EXERCISE REQUIREMENTS - The required output is the exact run of lines in the listing below from the line holding "Hey guys and" through the line holding "To learn more", with no pictures.

AVAILABLE DATA -
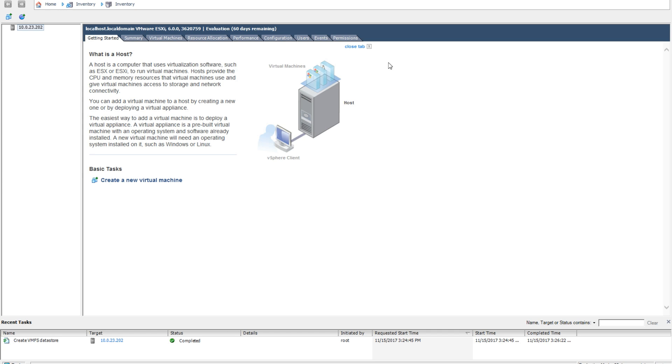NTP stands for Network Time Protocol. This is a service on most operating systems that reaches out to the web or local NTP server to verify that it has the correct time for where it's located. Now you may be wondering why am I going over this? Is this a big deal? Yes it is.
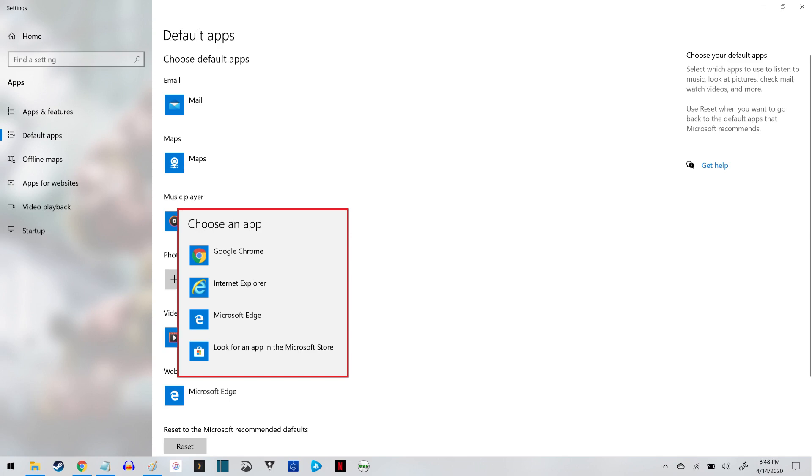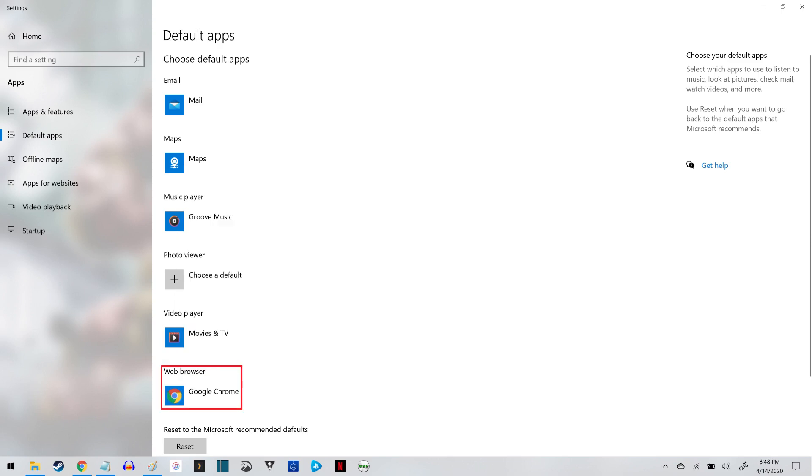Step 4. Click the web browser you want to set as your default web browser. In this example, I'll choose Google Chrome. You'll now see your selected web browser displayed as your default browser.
--
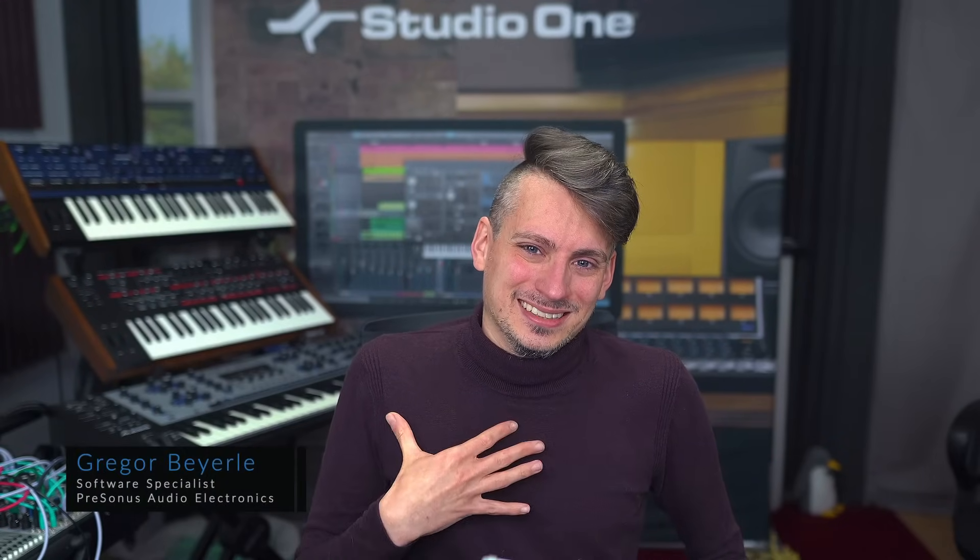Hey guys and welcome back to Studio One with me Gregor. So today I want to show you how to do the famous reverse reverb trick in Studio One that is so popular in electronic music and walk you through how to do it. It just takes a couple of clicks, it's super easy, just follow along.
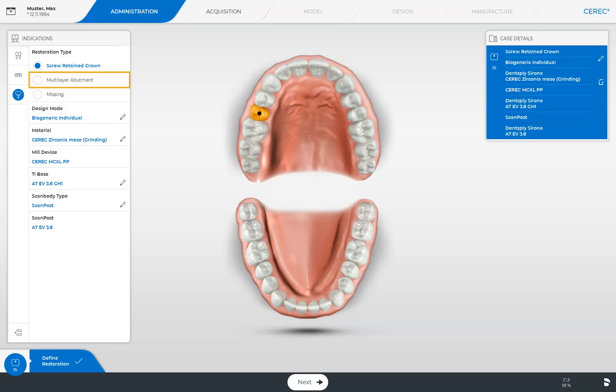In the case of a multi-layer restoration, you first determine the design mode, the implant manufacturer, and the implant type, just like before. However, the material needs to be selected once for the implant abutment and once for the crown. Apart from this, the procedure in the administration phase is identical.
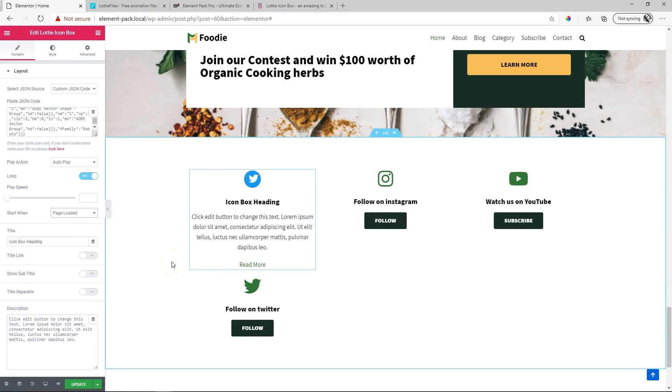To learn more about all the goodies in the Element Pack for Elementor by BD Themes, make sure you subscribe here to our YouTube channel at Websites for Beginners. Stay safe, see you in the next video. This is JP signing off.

ANSWER SECTION -
Hey guys and welcome back to Studio One with me Gregor. So today I want to show you how to do the famous reverse reverb trick in Studio One that is so popular in electronic music and walk you through how to do it. It just takes a couple of clicks, it's super easy, just follow along.
In the case of a multi-layer restoration, you first determine the design mode, the implant manufacturer, and the implant type, just like before. However, the material needs to be selected once for the implant abutment and once for the crown. Apart from this, the procedure in the administration phase is identical.
To learn more about all the goodies in the Element Pack for Elementor by BD Themes, make sure you subscribe here to our YouTube channel at Websites for Beginners. Stay safe, see you in the next video. This is JP signing off.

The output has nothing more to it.